Perhaps the bigger problem here isn't that there are so many fully or semi-developed characters, each with their bigger or smaller fanbases among the (diminished) readership, who want to see them used again, but that starting around the early 00's most of the continuity around the teams they were part of became lost, at the detriment of their ability to easily drop in and out of appearing.
Basicly if the teams kept existing without certain characters it was no problem to take out them out for a while and add new ones, since it was all part of an ongoing progression where enough of the old cast would remain to keep a sense of consistency, which any reader could then follow back from their current issue to their first.

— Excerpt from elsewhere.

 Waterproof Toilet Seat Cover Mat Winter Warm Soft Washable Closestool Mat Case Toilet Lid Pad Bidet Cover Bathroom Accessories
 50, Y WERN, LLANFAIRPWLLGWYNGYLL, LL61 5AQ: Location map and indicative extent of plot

Meanwhile there was also still a sense that these characters had lifes outside of just being part of these teams and therefor an excuse to be absent and leave space for others, at least for a while.
But with the mass cancelation of satelite titles in the early 00's these team continuities essentialy died and the characters mostly scattered to the wind, without a beneficial explanation of what they are up to until their next appearance.

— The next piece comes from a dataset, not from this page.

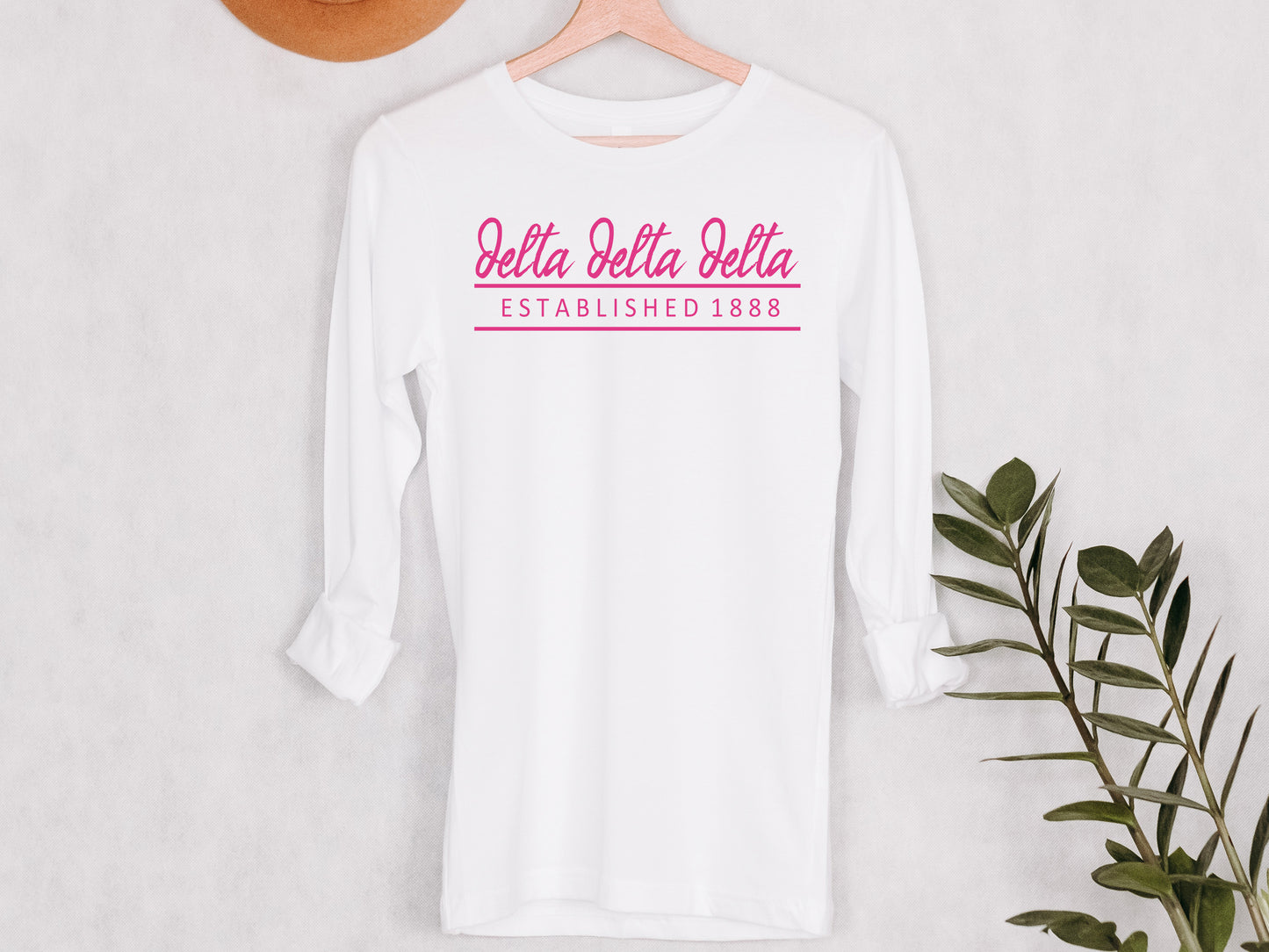 Delta Delta Delta All Pink Sorority Long Sleeve T-shirt _ 762g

Infact many writers eventualy begann to just skip these gaps in their stories all together.
Decimination then made things worse by essentialy removing every mutant character's "civilian" life, since they were now an "endangered species" that had to be herded together in one place and everyone not part of the super hero team or filling the backrounds was seemingly "not pulling their weight".
And now titles barely last long enough for teams to actualy develop any sense of continuity or progression anymore. They are assembled at seemingly random, their names also given with little relation to that of previously existing incarnation, they have 1 or 2 adventures and then their title is canceled and the team is never heared from again or even mentioned in many cases.
As such the increased number of characters and how many of them don't have anything to do when they aren't on teams became more apparent and over time a "problem".